From lead capture to MQL designation
The MQL is a stage in the lead lifecycle that marks the handoff point between marketing and sales. The process that produces an MQL follows a defined sequence:
- Lead capture. A prospect enters the system through a form fill, event registration, content download, or other conversion point.
- Data enrichment. The lead record is supplemented with firmographic data (company size, industry, location, technology stack) and behavioral data (pages visited, content consumed, emails opened).
- Scoring. A lead scoring model assigns points based on fit attributes and engagement actions. Fit criteria might include company size, job title, and industry, while engagement criteria might include visiting the pricing page, attending a product webinar, or downloading a solution brief.
- Threshold evaluation. When the lead’s score crosses a defined threshold, the system automatically promotes the lead to MQL status.
- Routing. The MQL is routed to a sales development representative (SDR) for direct follow-up, or distributed to a channel partner through the lead distribution system.
- Acceptance or rejection. The receiving party reviews the MQL and either accepts it (advancing it to sales accepted lead status) or rejects it with a reason code. Rejection data feeds back into scoring model calibration.
Aligning marketing and sales through a shared definition
The MQL concept exists to solve a fundamental tension between marketing and sales: marketing generates volume while sales needs quality. Without a shared definition of “qualified,” marketing teams pass leads that sales considers worthless, and sales teams ignore leads that marketing worked hard to generate.

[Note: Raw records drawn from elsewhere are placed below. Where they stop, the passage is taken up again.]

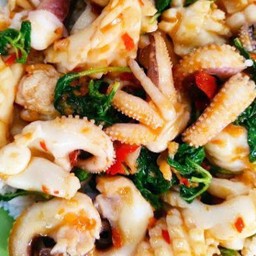 ข้าวกะเพราปลาหมึก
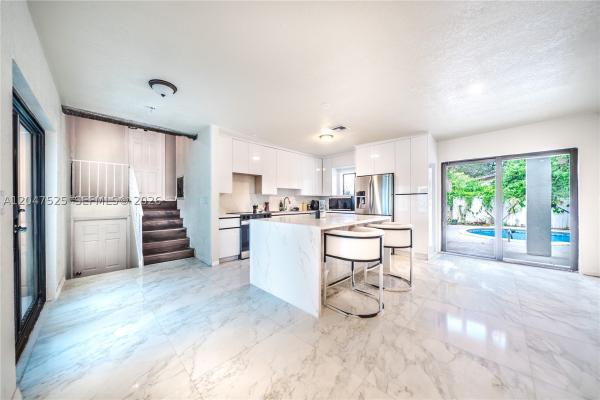 20200 NE 14th Ave, Unincorporated Dade County, Florida 33179, image 3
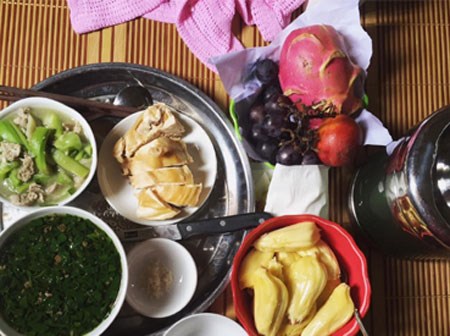 Không rau ngót luộc, thịt kho nghệ, cơm ở cữ của các mẹ hiện đại giờ sang chảnh lắm!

An agreed-upon MQL definition creates a shared language. Both teams know exactly what criteria a lead must meet before it crosses the boundary, which reduces finger-pointing, improves conversion rates, and ensures that neither marketing nor sales wastes time on contacts that are not ready.

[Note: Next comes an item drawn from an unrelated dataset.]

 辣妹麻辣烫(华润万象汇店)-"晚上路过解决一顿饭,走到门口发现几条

In channel programs, the MQL definition carries additional weight because leads distributed to partners carry the vendor’s credibility. If partners consistently receive MQLs that do not convert, they stop trusting the vendor’s leads and disengage from the lead distribution program entirely. A well-calibrated MQL definition protects the partner relationship.
Scoring criteria, stage transitions, and common problems
MQL criteria examples
| Category | Criteria | Score contribution |
|---|---|---|
| Fit | Company size: 100-5,000 employees | +15 |
| Job title: Director or above | +15 | |
| Industry: target vertical | +10 | |
| Geography: served region | +5 | |
| Engagement | Requested a demo or trial | +30 |
| Attended a product webinar | +20 | |
| Visited pricing page | +15 | |
| Downloaded solution-level content | +10 | |
| Opened 3+ nurture emails | +5 | |
| Negative signals | Competitor employee | -50 |
| Student or academic email | -40 | |
| No activity in 30 days | -15 | |
| MQL threshold | 75 points |
MQL vs. SQL
The MQL is a marketing-defined stage, while the sales qualified lead (SQL) is a sales-defined stage that comes after direct human qualification.
| Dimension | MQL | SQL |
|---|---|---|
| Defined by | Marketing (scoring model) | Sales (direct conversation) |
| Validation method | Automated scoring based on fit + engagement | Human conversation confirming need, budget, timeline, authority |
| Next step | Routed to SDR or partner for follow-up | Converted to a sales opportunity and entered into pipeline |
| Rejection rate | Typically 20-40% of MQLs are rejected by sales | Lower; SQLs have been vetted through conversation |
Common MQL problems
- Inflated MQL volume: Marketing teams under pressure to hit MQL targets may lower the scoring threshold, producing more MQLs that are less qualified. This increases volume but decreases conversion rates and frustrates sales.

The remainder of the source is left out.